Fotografías de la exposición por @michelbeauclerq
Llegamos media hora tarde; la cita era en el Museo de San Carlos, en la Ciudad de México. Michel y yo corríamos porque la nota es la nota y, sin ella, un medio noticioso no es tal. El recorrido para prensa de la exposición De Rubens a Van Dyck, según la invitación, ya había iniciado.
En el vestíbulo del museo aún estaban los periodistas y los fotoreporteros; unos escuchaban las palabras que Marisa Oropesa, la curadora de la exposición, les dirigía; los otros, capturaban con su ojo biónico las tomas más buenas... según dictara su gusto. Yo sólo alcancé a escuchar la introducción que nos hizo del señor Hans Rudolf Gerstenmaier, el dueño de la colección que, amablemente, prestó al museo y quien, de hecho, parecía bastante emocionado de ver sus cuadros en tal recinto.
El coleccionista nos invitó a decirle, una vez dentro, cuáles
cuadros nos gustaban más… cuáles nos parecían más bonitos: ¡a él todos le resultaban así! Nos invitaron a entrar y, lo primero que mis ojos vieron fue el cuadro La virgen de Cumberland de Rubens, obra a la que el mismísimo Gerstenmaier apeló como “la perla” de su colección. Porque, aunque “cuando eres coleccionista debes de saber lo que buscas”, dentro del arte flamenco, “el diamante es un cuadro de Rubens”.

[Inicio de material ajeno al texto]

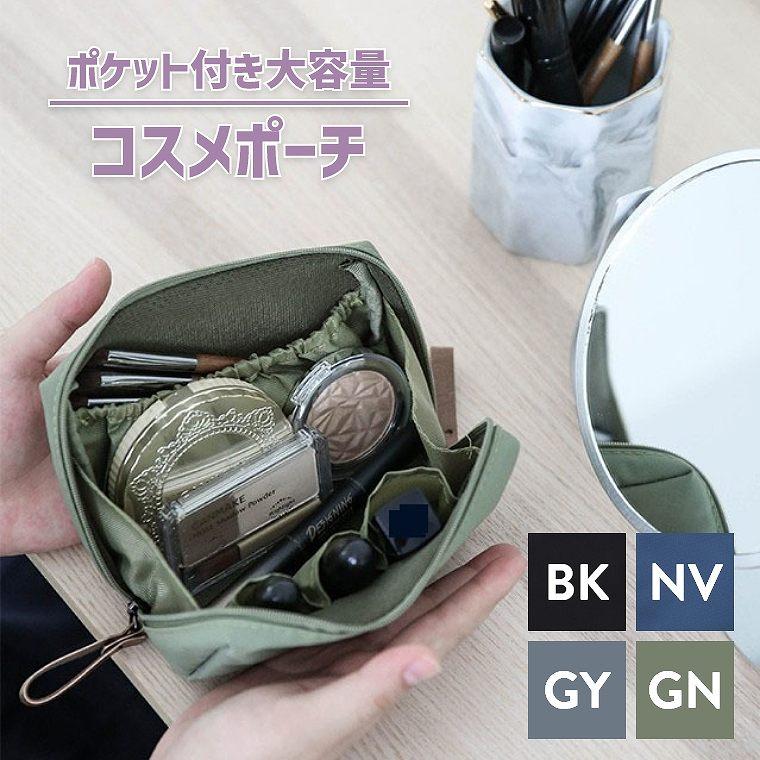 化粧ポーチ メイクポーチ 小物入れ タテ型 ポーチ 自立 立てて収納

En efecto, eso mismo pude constatar: en la pintura
se podía notar una naturalidad en la pincelada que sólo el tiempo y la maestría pueden otorgar; y, pese a que la luz aún no era la que dictaba la museografía de la exposición, los colores vivos dentro del marco compartían su vida con la imagen de la Madona que miraba al niño y éste, a su vez, contemplaba al infinito fuera de la escena visible.
Tal obra de arte me hizo entender, con su sola presencia, que la sala estaba cargada fuertemente del género religioso; y, en efecto, así era: los colores brillantes hacían gala de viveza y daban vida a motivos que, la parte protestante de la pintura holandesa, no pudo ni quiso tocar: las figuras religiosas; caminé entre obras que me mostraban la infancia de Jesús, a la Virgen María, a los Reyes Magos y, finalmente, una pintura de rasgos renacentistas donde las figuras de Cristo y los dos ladrones crucificados eran el resultado de un estudio anatómico anterior cuyo desarrollo les había dotado de unos músculos grandes y marcados.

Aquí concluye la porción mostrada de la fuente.